Repeat the lines below exactly as written, please, from the line with "Concrete wall mural" to the line with "Colares prateado de", both lines included, and no others.

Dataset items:
▶

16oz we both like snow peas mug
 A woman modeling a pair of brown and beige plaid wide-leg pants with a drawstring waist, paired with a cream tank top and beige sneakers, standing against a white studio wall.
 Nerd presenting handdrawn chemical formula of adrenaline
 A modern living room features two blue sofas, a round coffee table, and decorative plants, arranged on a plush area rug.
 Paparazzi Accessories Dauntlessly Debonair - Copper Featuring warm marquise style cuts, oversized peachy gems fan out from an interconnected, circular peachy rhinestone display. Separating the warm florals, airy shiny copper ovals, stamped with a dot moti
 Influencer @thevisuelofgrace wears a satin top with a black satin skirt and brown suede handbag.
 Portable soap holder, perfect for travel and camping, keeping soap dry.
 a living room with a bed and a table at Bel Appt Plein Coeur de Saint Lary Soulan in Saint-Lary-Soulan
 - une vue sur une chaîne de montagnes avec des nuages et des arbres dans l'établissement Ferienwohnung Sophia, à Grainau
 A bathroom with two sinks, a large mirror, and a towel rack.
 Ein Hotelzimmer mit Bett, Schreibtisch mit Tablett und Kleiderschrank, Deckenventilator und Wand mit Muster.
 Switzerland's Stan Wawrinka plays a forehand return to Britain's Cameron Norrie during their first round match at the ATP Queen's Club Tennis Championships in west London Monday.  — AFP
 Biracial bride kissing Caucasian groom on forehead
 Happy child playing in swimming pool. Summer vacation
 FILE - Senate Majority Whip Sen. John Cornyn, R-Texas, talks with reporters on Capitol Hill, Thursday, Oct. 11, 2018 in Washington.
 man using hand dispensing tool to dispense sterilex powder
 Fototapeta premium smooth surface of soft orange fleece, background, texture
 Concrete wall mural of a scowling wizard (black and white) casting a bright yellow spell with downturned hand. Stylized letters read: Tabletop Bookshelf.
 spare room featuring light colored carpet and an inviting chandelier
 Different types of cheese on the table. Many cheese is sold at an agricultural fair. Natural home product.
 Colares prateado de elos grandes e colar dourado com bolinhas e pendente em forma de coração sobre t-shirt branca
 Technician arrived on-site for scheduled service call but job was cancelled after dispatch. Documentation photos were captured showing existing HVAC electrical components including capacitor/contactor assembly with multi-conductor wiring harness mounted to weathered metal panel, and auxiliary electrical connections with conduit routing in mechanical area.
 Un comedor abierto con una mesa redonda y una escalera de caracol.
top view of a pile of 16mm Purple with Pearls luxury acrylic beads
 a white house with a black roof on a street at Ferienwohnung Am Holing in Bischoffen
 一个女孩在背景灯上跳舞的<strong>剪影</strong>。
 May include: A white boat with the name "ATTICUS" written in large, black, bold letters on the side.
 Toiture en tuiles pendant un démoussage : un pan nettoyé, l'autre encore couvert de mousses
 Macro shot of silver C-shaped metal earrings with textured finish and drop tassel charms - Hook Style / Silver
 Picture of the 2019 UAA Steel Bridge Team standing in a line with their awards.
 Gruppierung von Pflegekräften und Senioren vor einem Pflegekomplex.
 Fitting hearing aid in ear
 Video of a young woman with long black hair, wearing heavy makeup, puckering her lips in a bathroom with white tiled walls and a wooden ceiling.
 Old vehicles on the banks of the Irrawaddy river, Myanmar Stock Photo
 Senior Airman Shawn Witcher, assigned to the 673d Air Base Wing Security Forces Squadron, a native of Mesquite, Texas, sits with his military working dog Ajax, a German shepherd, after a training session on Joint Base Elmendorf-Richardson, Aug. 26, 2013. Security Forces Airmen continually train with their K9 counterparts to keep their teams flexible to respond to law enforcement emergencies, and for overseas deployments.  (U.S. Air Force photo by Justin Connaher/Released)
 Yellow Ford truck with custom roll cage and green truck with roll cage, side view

◀

● **Task answer**:
 Concrete wall mural of a scowling wizard (black and white) casting a bright yellow spell with downturned hand. Stylized letters read: Tabletop Bookshelf.
 spare room featuring light colored carpet and an inviting chandelier
 Different types of cheese on the table. Many cheese is sold at an agricultural fair. Natural home product.
 Colares prateado de elos grandes e colar dourado com bolinhas e pendente em forma de coração sobre t-shirt branca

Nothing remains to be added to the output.